Changes on this massive scale to one of the most important communications tools at our disposal can be pretty overwhelming. Hopefully, the somewhat intimidating list above has you rallied up and ready to make some positive change. So, we leave you with some final words of wisdom on that front. 

  • Consider conducting a thorough communication flow and email deliverability audit. You should go over your communication flow on an annual basis, but we recognize how challenging that could be for a team where many members wear many hats. This is why starting with an outside audit that can pinpoint areas for immediate improvement is a good way to gain valuable insight on how to take action until you have the chance to put routine audits in place. 
  • Find a knowledgeable partner who understands the changes and can advise you and your teams through rebuilding your communication flow accordingly. 
  • Continue placing significant emphasis on copywriting in order to provide not only content that is unique to your institution, but also running all copy through best-in-industry spam testing services and focusing on the three elements where we can make the most difference to open rates: sender, subject line, and preview text. 
  • Expand on digital and print channels, favoring them over email campaign elements for any list-based campaigns. Additionally, exploring Forensic Lead Generation campaigns that target students who have already shown interest by visiting your website should be on your radar. Employ an omnichannel approach and stray away from over-dependence on email to ensure that your message reaches its intended audiences. 
  • Continue to monitor new developments and take advantage of opportunities to learn more. Don't miss out on the opportunity to gain valuable insights and strategies for navigating the evolving landscape of email marketing in higher education. Join enrollmentFUEL's REV: FUEL Learning Series Roundtable—Optimizing Your Communication Strategy for the Changing Email Landscape—on February 22, 2024, from 1-2 p.m. ET. Engage in a meaningful discussion about optimizing your communication strategy amidst the recent changes announced by Gmail and Yahoo. enrollmentFUEL's REV Roundtables provides a platform for you to connect with peers, share ideas, and devise effective plans to overcome these and other challenges. Secure your spot by completing the registration form found on the page linked above.

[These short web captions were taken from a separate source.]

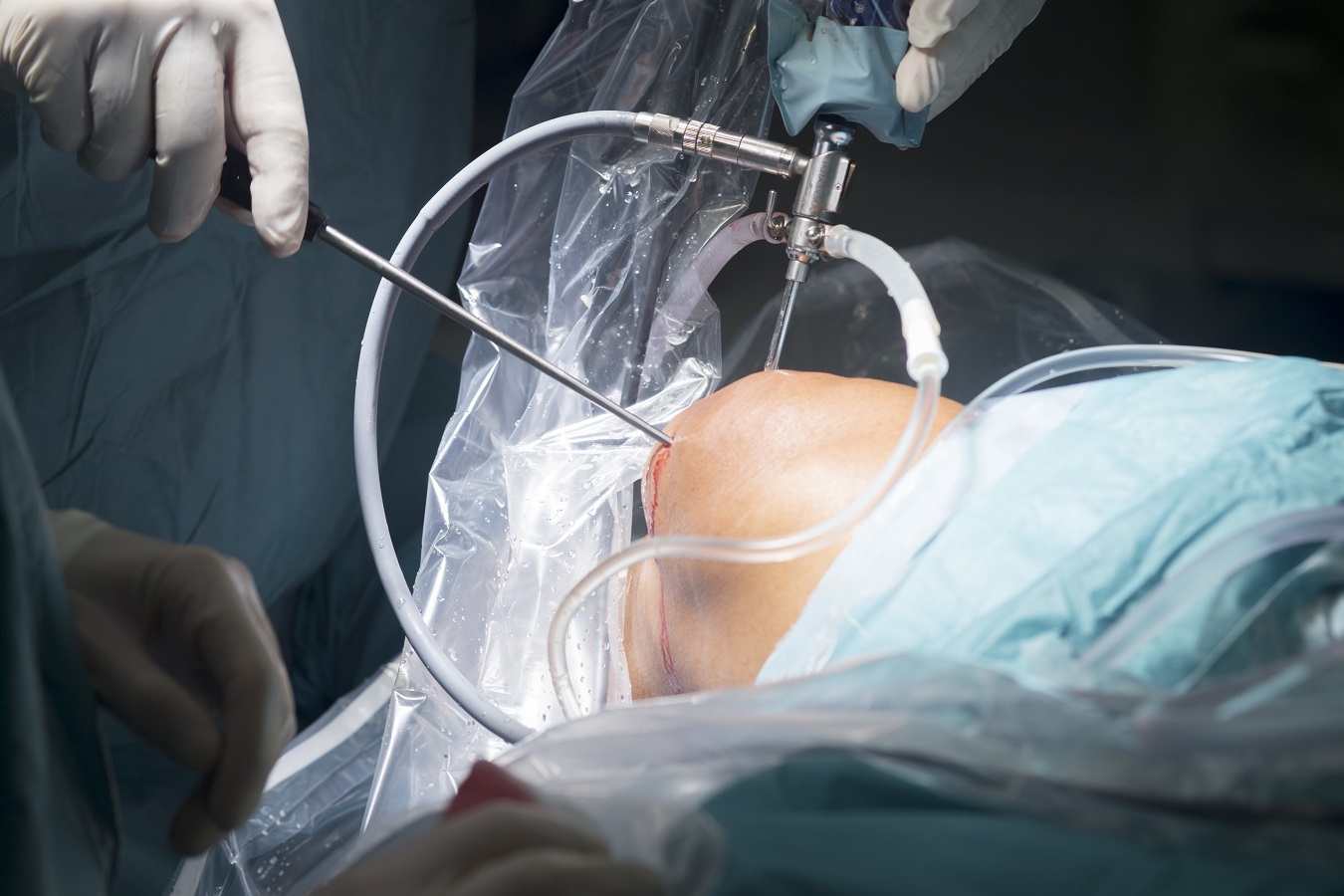 Arthroscopic knee surgery | Washington State Health Care Authority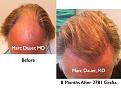 Click image for larger version

Name:	Hair Transplant Slides1.250.jpg
Views:	312
Size:	86.1 KB
ID:	468050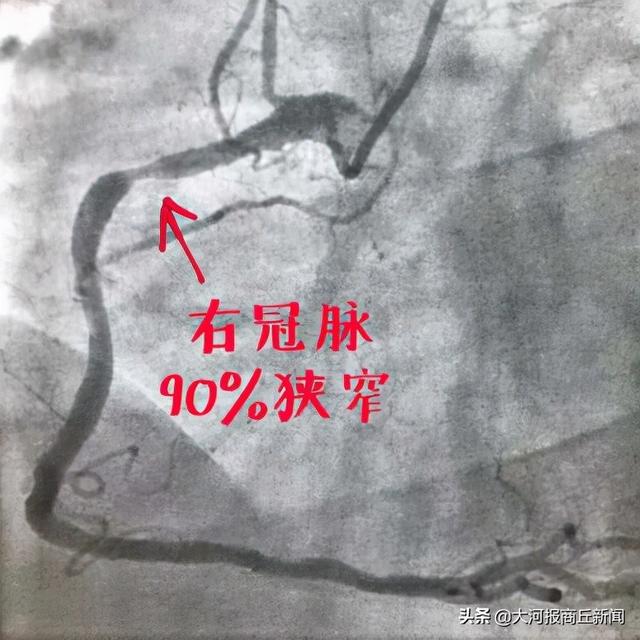 商丘市中医院心病科（心血管内科)二病区：从“心”出发，争做心脏“守护神”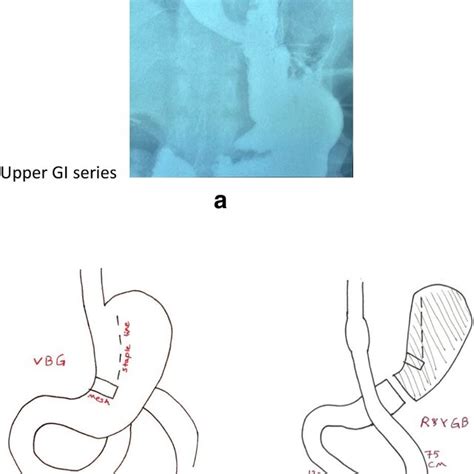 Roux En Y Gastric Bypass A Upper Gi Series B Before And After The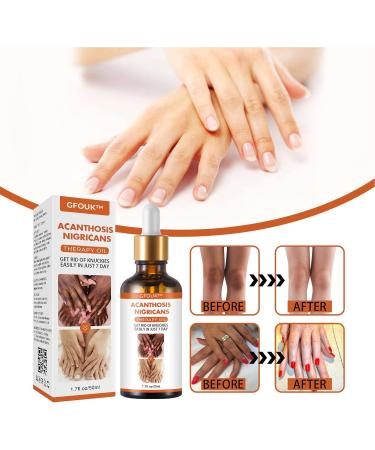 Skin Bleaching Serums | Dark Skin Permanent Whitening Lightening | Armpit Bleaching Serums for Women Supercharged Face Serums Skin Lightening Bleaching Oil Black Spot Corrector Remover for Face 2Pcs - Buy Online on SooperMarket.com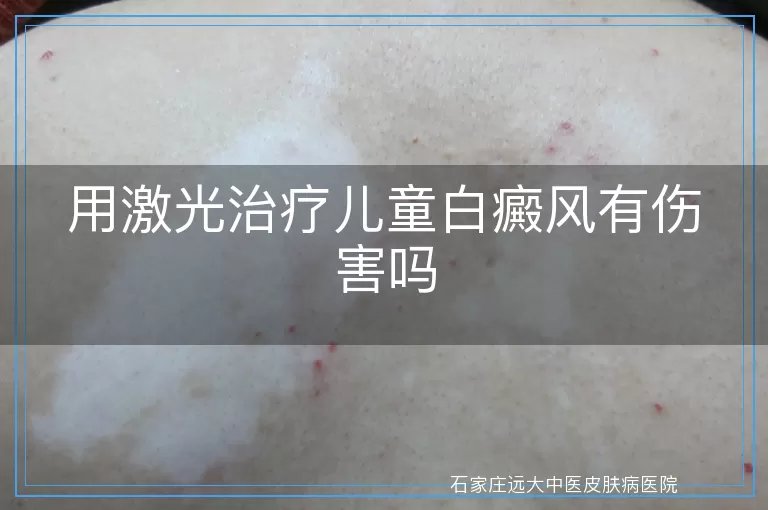 用激光治疗儿童白癜风有伤害吗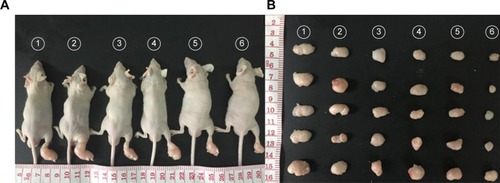 Figure 9 In vivo combined PDT and chemotherapy efficacy assay (Gem equivalent: 50 mg/kg).Notes: (A) Representative photos of tumors on mice in each treatment group. (B) Photographs of tumors harvested from each treatment group taken on day 14. (C) The body weight profiles of mice in different treatment groups. (D) The tumor volume profiles of mice in different treatment groups. 1–6 represent NS group, Gem group, P@ (L+) group, Gem-HSA-NPs group, P@-Gem-HSA-NPs (L−) group, and P@-Gem-HSA-NPs (L+) group, respectively.Abbreviations: Gem, gemcitabine; HSA, human serum albumin; NPs, nanoparticles; NS, normal saline; P@, pheophorbide-a; PDT, photodynamic therapy.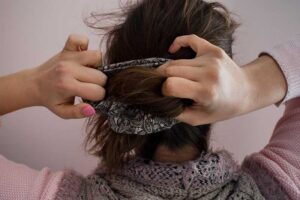 causes of thinning hair in women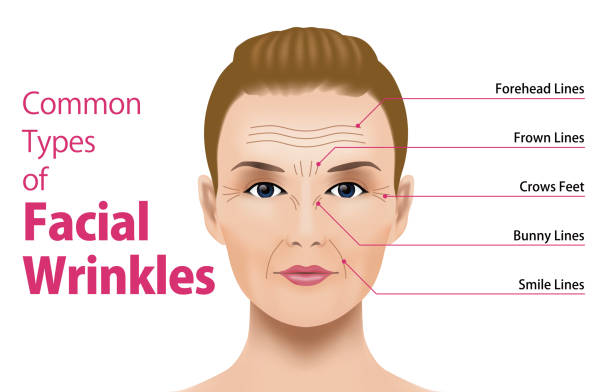 ilustrações, clipart, desenhos animados e ícones de tipos comuns de rugas faciais. cirurgia cosmética. conceito de tratamento facial de mulher. - face lift illustrations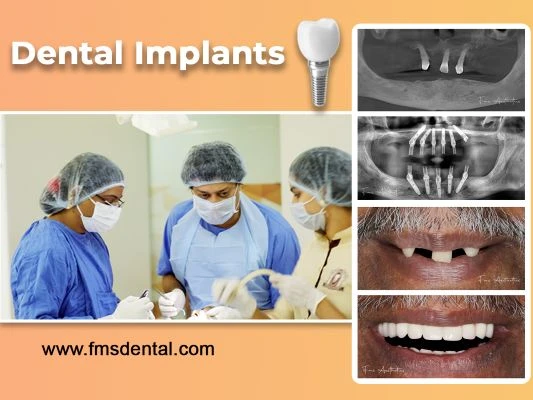 Dental Implant Cost in Hyderabad | Advanced Tooth Replacement 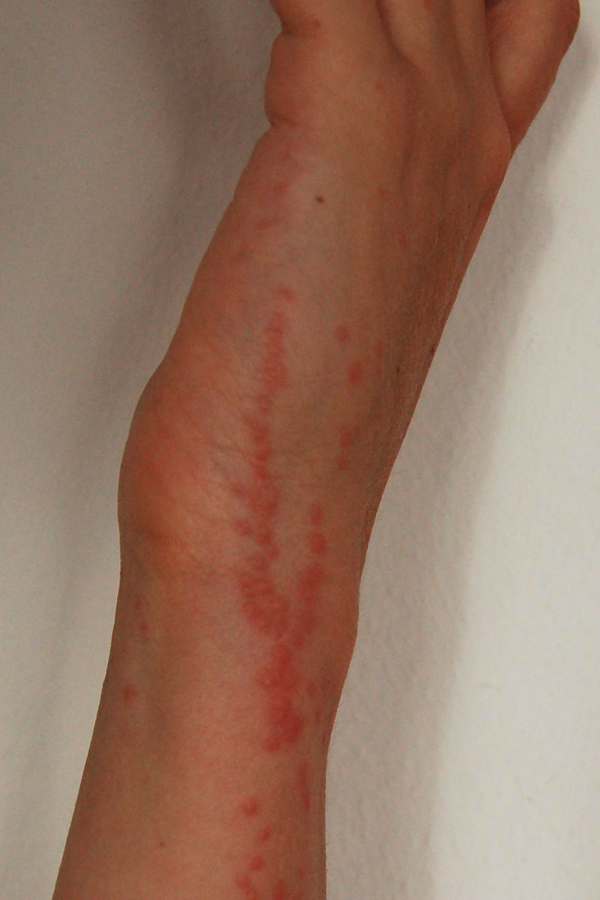 How are bed bug bites treated?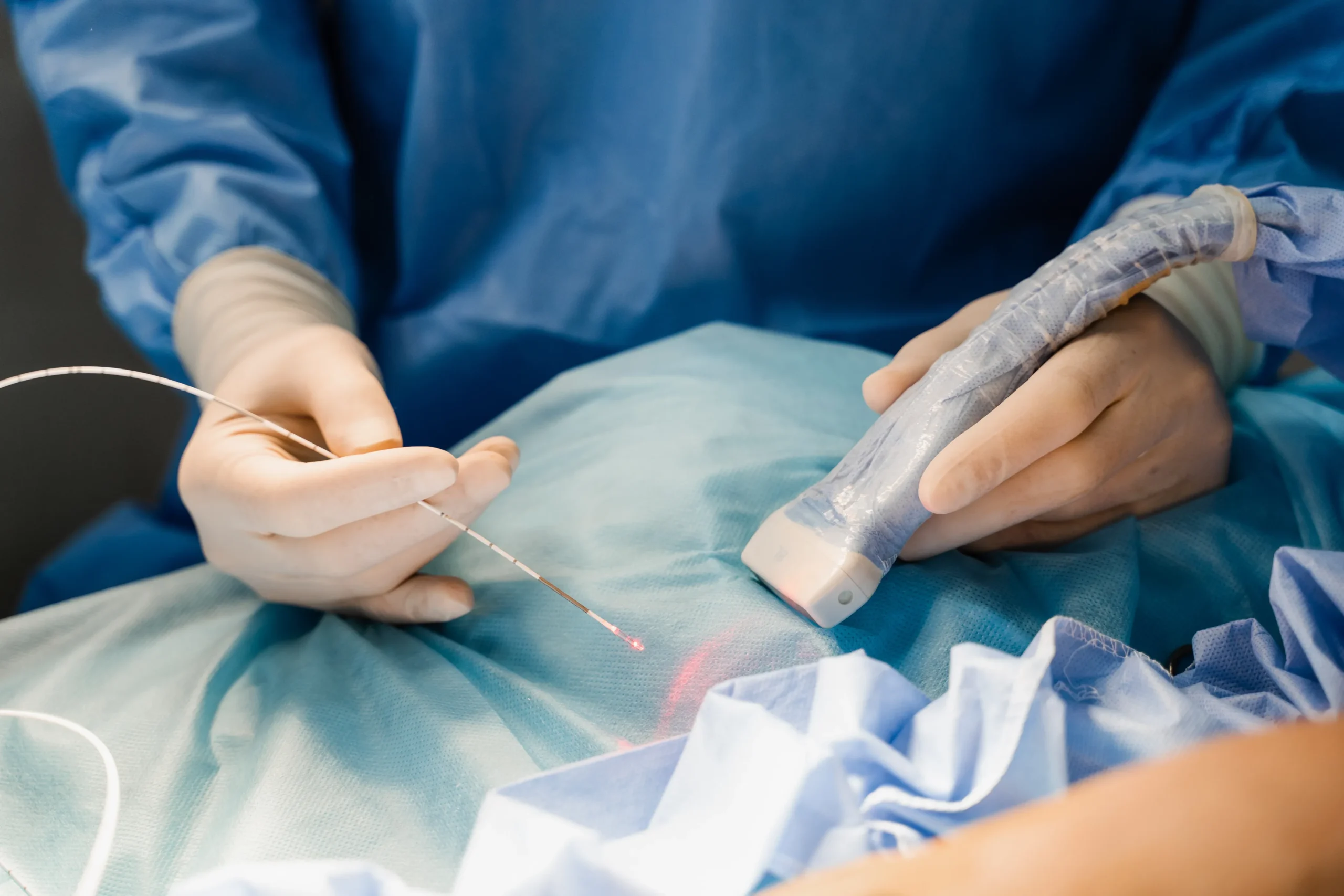 Esecuzione Laser Vascolare su paziente in ambulatorio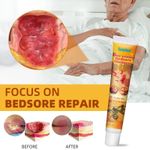 New Natural Bedsore Ointment Effective Bedsore Treatment 20g Cream Protect Skin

Whatever action steps you choose to take, it is imperative for higher education institutions to adapt and stay ahead of the curve as the landscape of email marketing continues to undergo significant shifts. The impact of the above changes on communication flows, spam regulations, and sender reputation necessitates a proactive approach. Making sure you have taken steps to monitor bounceback activities, implement the necessary DNS records, and embrace the list-unsubscribe header are vital steps to safeguard your email campaigns. Additionally, the enforcement of a spam rate limit strengthens the need for meticulous scrutiny and adjustments to maintain a positive domain reputation. 

In the face of these challenges, don’t forget to conduct regular audits, seek expert guidance on further changes and actions, and diversify communication channels as well. Focus on key strategies for success, such as emphasizing unique content, rigorous spam testing, and exploring alternative channels. Taking proactive actions will ensure that your institution's message not only reaches its intended audiences but resonates with them as well in the ever-evolving email landscape.